Who Gets Hit First: Mid-Career Engineers and Compliance-Heavy Teams

Willison’s analysis suggests mid-career engineers face the most immediate disruption because their day-to-day work often sits between junior execution and senior architecture. If AI agents can reliably convert specs into working code, the labor market could reward fewer builders and more designers, validators, and security specialists. That doesn’t mean software jobs vanish, but it does mean the job description shifts—potentially fast—toward systems thinking and process control.

For regulated industries, the tension could be sharper. Compliance frameworks often assume traceable human decision-making, documented reviews, and clearly assigned accountability. A dark-factory workflow can be designed to log everything, but logging is not the same as judgment. If the process becomes “a black box that turns specs into software,” oversight moves upstream: who wrote the spec, who approved the permissions, and who can stop the pipeline when something looks off?

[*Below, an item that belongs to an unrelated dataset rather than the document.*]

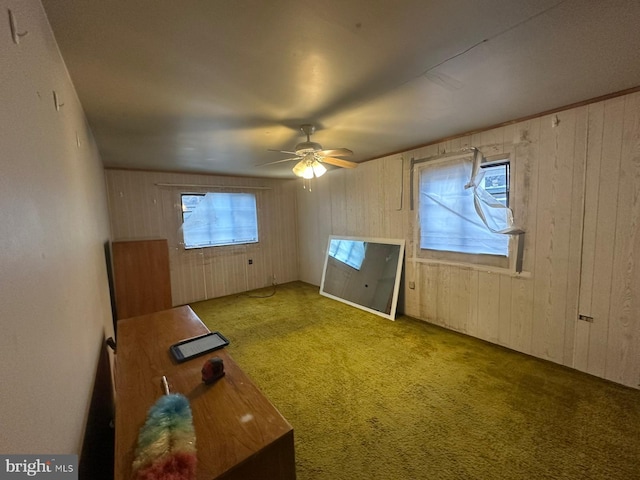 interior space with carpet flooring, ceiling fan, and wood walls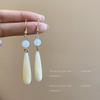 Silver Needle Cross-Border Tassel Earrings: Women's Versatile, Stylish Studs with a Unique, Trendy Design.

What Conservatives Should Watch: Accountability, Concentrated Power, and Resilience

The politics here aren’t left-versus-right so much as citizen-versus-system. A future where critical software is built and updated by autonomous agents raises hard questions about transparency and control—especially when government contractors and large platforms adopt the same tooling. Limited government and individual liberty depend on systems that can be audited, explained, and challenged. If decision-making becomes too automated to understand, power concentrates in the hands of whoever owns the models, data, and deployment switches.

I asked @simonw what the next leap in AI software engineering is likely to be.

He explained the "dark factory" pattern where teams don't write any code or even look at their code. https://t.co/LWQPeaxml9 pic.twitter.com/2SmKC8bH4i

— Lenny Rachitsky (@lennysan) April 3, 2026

Based on the current research, the most grounded takeaway is not panic, but scrutiny. Dark factories are real in at least small-team form, and the incentives to scale them are obvious. The unresolved part is whether security and governance can keep pace once humans are removed from review loops. Until stronger evidence emerges—metrics, audits, and clear accountability structures—Americans should demand that any high-impact deployment keeps explainability and human responsibility in the chain.